たくましく育って欲しいというわが子への思い
時代とともに、社会とともに、子供たちを取り巻く環境もずいぶんと変わってきています。けれども、すくすくと、たくましく育って欲しいというわが子への思いは、今も昔も変わりません。ご両親のそんな願いを込めた、端午の節供。勇壮なお飾りと、心からのお祝い膳に、子どもたちはきっと、大きな愛を感じるに違いありません。
●端午のいわれ
「端午」とは古来、月初めの午の日を指しましたが、奇数月の同じ数字の重なる日を節供としたならわしから、いつの頃からか五月五日に限られるようになったものです。この日が「子どもの日」として祝日に定められたのは、昭和二十三年。厄除けにつながる菖蒲湯の風習を残しながら、武者人形を飾って男の子の成長を祝う習慣は、わが国独特の端午の節供行事として現代にも受け継がれています。
●端午の節供は菖蒲の節供
端午の節供は、もともと中国の習俗を起源としています。古く中国には五月を忌み、初午の日に薬草によって災厄や病魔を払うならわしがありました。その風習が日本に伝わり、宮廷や武家の年中行事として発展したのが起こりといわれています。菖蒲やよもぎなどの薬草を軒に差し、厄除けをする習慣は、その流れをくむもの。桃の節供に対し、菖蒲の節供といわれるゆえんです。
●江戸時代に定着した五月人形
菖蒲が「尚武」に通じることから男子の武運栄達、さらには健やかな成長を願う行事として、端午の節供は江戸時代中期に定着しました。紙の鯉のぼりや家紋を入れた内職・又鎧・兜も登場し、男児の成長と無病息災を願う行事は武家社会を中心に盛んに行われるようになりました。
●身も守る鎧・兜(よろい・かぶと)
鎧・兜は昔、武家社会の男子にとって非常に大切なものでした。また、今日では男子の身を守るという意味をもっており、端午の節供に飾ることで、男の子の誕生を祝い、交通事故や病気にかからないように身を守ってほしいという願いがこめられています。
●鯉のぼり・登龍門
鯉のぼりの由来は、鯉が「龍門」という急流の川をのぼると龍になって天へ登るという、中国の伝説からきています。健やかな成長と立身出世を願うご家族の温かいまごころです。鯉のぼりを立てることは、男児の誕生を天に告げ、その守護を願うための目印ともされています。
●食文化
- 粽(ちまき)
- 三角形の粽には悪霊を防ぐ力があり、子どもの生命力を強くします。笹の葉を巻いて作りますが、笹には葉緑素やビタミン類、カルシウムが多い他、浄血作用や殺菌効果の強い成分も含まれており、今日でも保存食として用いられております。
- 柏餅(かしわもち)
- 小豆あんに含まれているビタミンB1とB2が体力をつけ、同じくサボニンには古い細胞や脂肪を洗い流す作用があり、餅全体によってスタミナをつけると同時に体力の増進作用にも役立ちます。
- Q1 五月人形は誰が買うのでしょうか?
- A1全国的にみて、お嫁さんの実家でお揃えになる習慣が多いようですが、しきたりや慣習にとらわれるよりも、子どもの成長を心から祝福する気持ちを大切にして、御両家で相談されて予算を決め、無理なく出来る範囲でお祝いしたらいかがでしょうか?
- Q2 予算を決める場合、何か目安がありますか?
- A2鎧飾りで15万~30万円。兜飾りで10万円~20万円、武将節りで10万円~15万円がだいたいの目安となります。鯉のぼりは長さによって決まりますが、平均4m6点セット(鯉のぼり用ポール付)で、4万円~10万円がご予算となります。

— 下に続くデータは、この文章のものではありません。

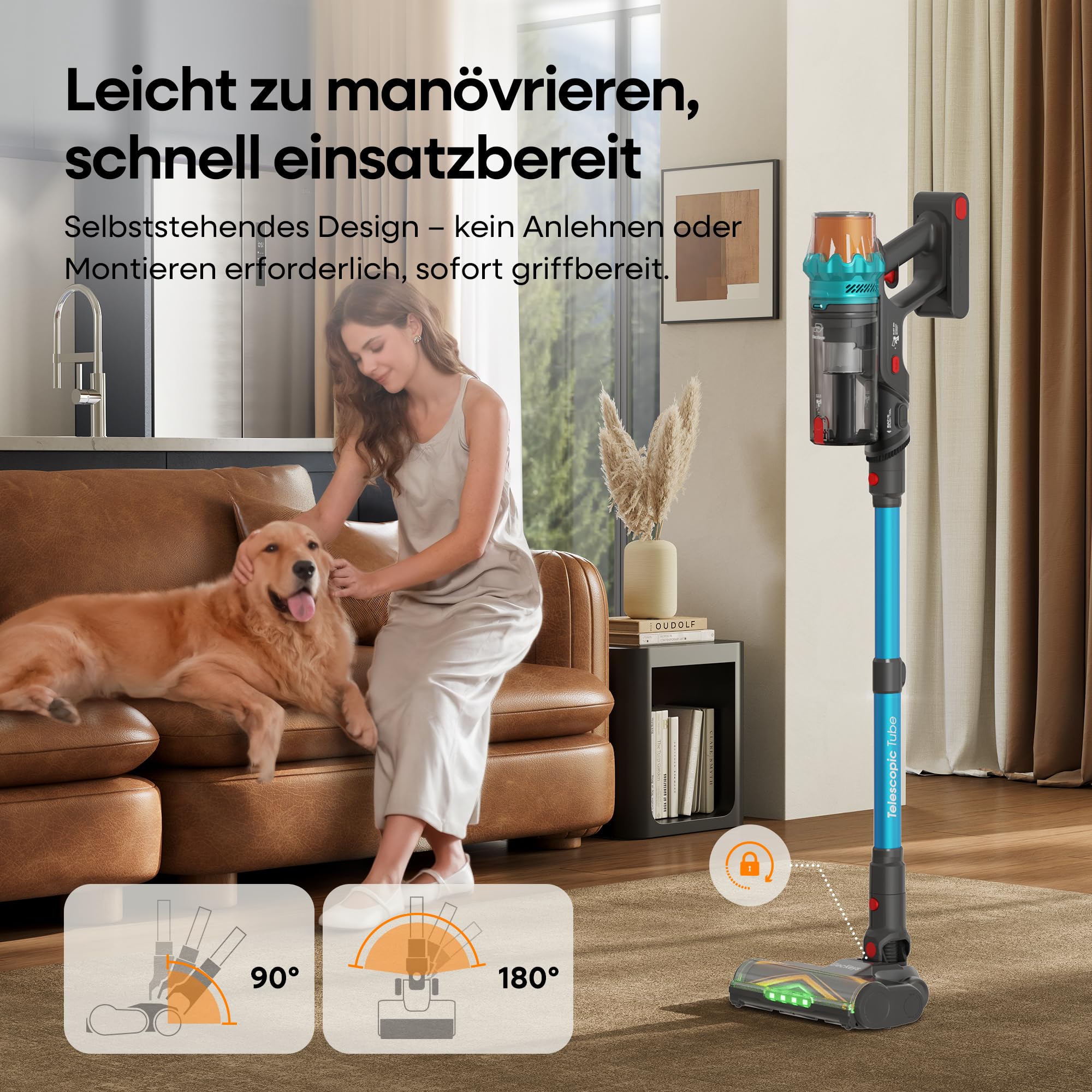ElecKeys Akku Staubsauger 50000Pa/600W/70Min, Staubsauger Kabellos mit LED Display, 1,8L Akkustaubsauger mit Anti-Tangle-Bürste, Selbststehend für Tierhaare Teppiche Hartböden Auto, Blau, K10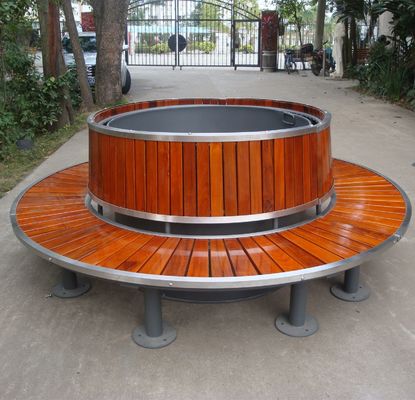 Circular Curved Wood Round Tree Benches With Sandblasting Zinc Spraying Finish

- Q3 五月人形はいつ頃買って、いつ頃飾るのでしょうか?
- A3初節供の場合は、三月下旬から四月の初旬にかけて購入するようにしましょう。しかし、お店によっては早期割引セールの特典がついている場合がありますので、早期にご予約をしておきましょう。春分の日頃から四月中旬までにはお飾りください。
- Q4 次男、三男が生まれたらどうすればいいでしょうか?
- A4お父様の五月人形を譲ったり、兄弟で兼用するのは避けたいもの、価格に関係なくそれぞれのお子様に揃えてあげてください。小さな兜飾りや武者飾り、鯉のぼりや、武者人形などをお薦めいたします。
- Q5 お客様を自宅に招いてのお祝いの仕方をおしえてください。
- A5本来は五月五日の当日か、五月四日の晩(宵節供)に両家の祖父母や親戚、友人などをお招きします。お料理は和食・洋食のどちらでもかまいませんが、端午の節供にふさわしい粽(ちまき)や柏餅(かしわもち)などは、ぜひ用意しましょう。又、菖蒲を飾り、子供の無病息災を願うパーティーにしたいものです。